Even so, it’s not enough to just warm up your muscles. They must also be stretched to avoid injury. Any reputable class or video will have both a warm up and a stretch incorporated into their routine; if you are on your own, and are unsure about what to stretch and how, Carol Dickman offers 21 different stretches on her website Stretch.com.

Don’t go for the burn.

The “burn” is for Jane Fonda and millions of other non-arthies; we have built-in burns that don’t need to get worse. If you are following an instructor, stay well below his/her pace; there will be time enough to catch up as you build up your strength. In fact, for the first few times, stay well below the level that feels challenging. This may seem frustrating, but it will help you prevent flares and muscle blowouts, which will ultimately help you attain the level that is best for you.

Cooling down.

Okay…everybody makes mistakes. Perhaps kickboxing wasn’t such a great idea. If the exercise you chose truly hurts you, by all means, stop—gradually. During any aerobic activity, blood is sent to the extremities and, of course, the heart rate is increased. If you stop suddenly without cooling down, it puts extra stress on the heart, causes the blood to pool in your legs and can lead to muscle stiffness and tenderness…and who needs that?

Cooling down is much like warming up except that you are gradually slowing rather than quickening your pace. Walking in place or on the treadmill, taking a couple of slow laps in the pool, or even just lifting your knees to waist level until your heart rate normalizes are all ways of cooling down. By finishing up with a five-minute stretch, you further decrease your chances of next-day muscle aches.

Afterwards…
Hit the water.

Warm water seems to have restorative powers for arthritic folk. Five minutes in a Jacuzzi is heaven, but even a hot shower or bath is a nice way to finish up a workout and prevent stiffness. Make it a bubble bath and you’ve rewarded yourself for a job well done!

Schedule lightly.

The first few days of a new workout—or an increase in level—is not the time to finish all those chores that you’ve put off for a week. Keep the errands and housework to a minimum. Order out. Give your kids the car keys or teach them the fine art of walking. Until you know how your body is going to react, allow yourself time to recover.

Re-evaluate.

Remember: the next morning is Judgement Day.

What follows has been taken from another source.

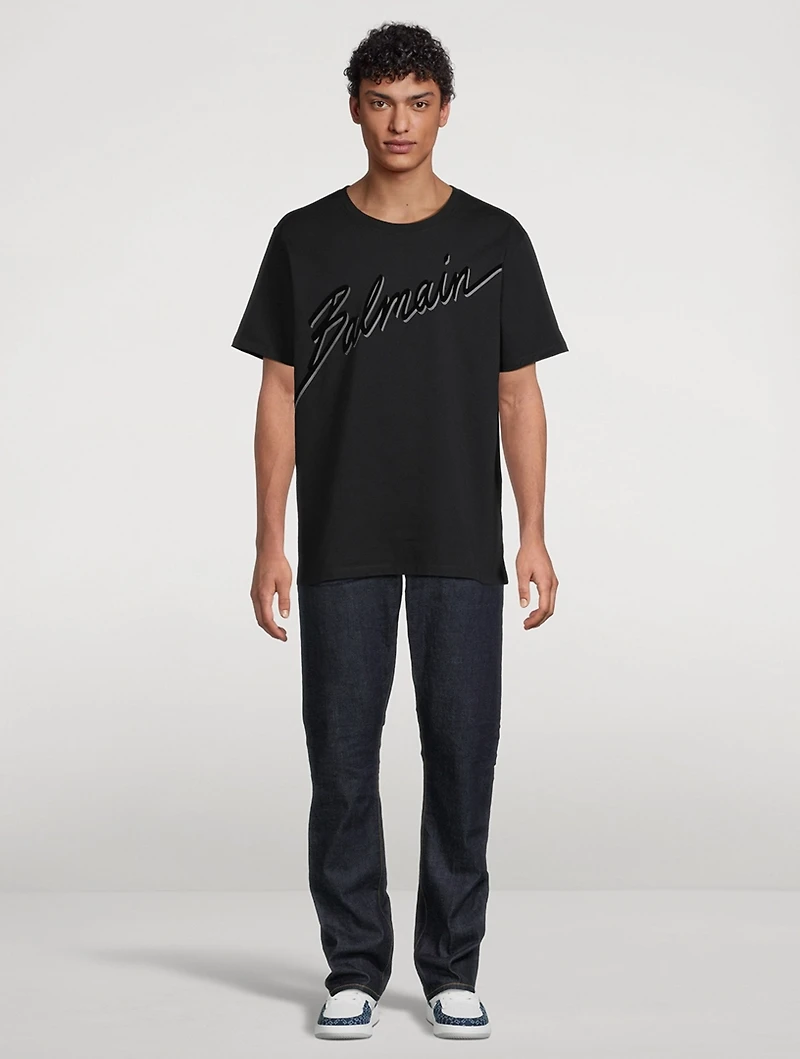 Flocked Logo T-Shirt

Ease out of bed slowly and assess your level of stiffness and pain. Some increased stiffness and soreness should be expected, but if you are truly in pain then you need to re-assess your workout. Could you reduce the intensity or adapt some of the movements? Would it be possible to perform the same exercise at a slower pace or at half the duration? Chances are good that by adjusting the tempo or time, you will be able to continue your workout. If, however, you don’t feel that an adjustment is possible, then it’s time to look for a different way of exercising.

Fortunately or unfortunately, exercise is not an option for folks with RA. We must exercise regularly to protect our bodies from further degeneration. If care is taken, if we are ready and prepared to adapt, there are many types of exercise that are still open to us. And, whether or not you truly like exercise, when you work out, it feels as if you have broken a barrier…and isn’t feeling less limited, even by a small degree, worth all of the sweat and soreness?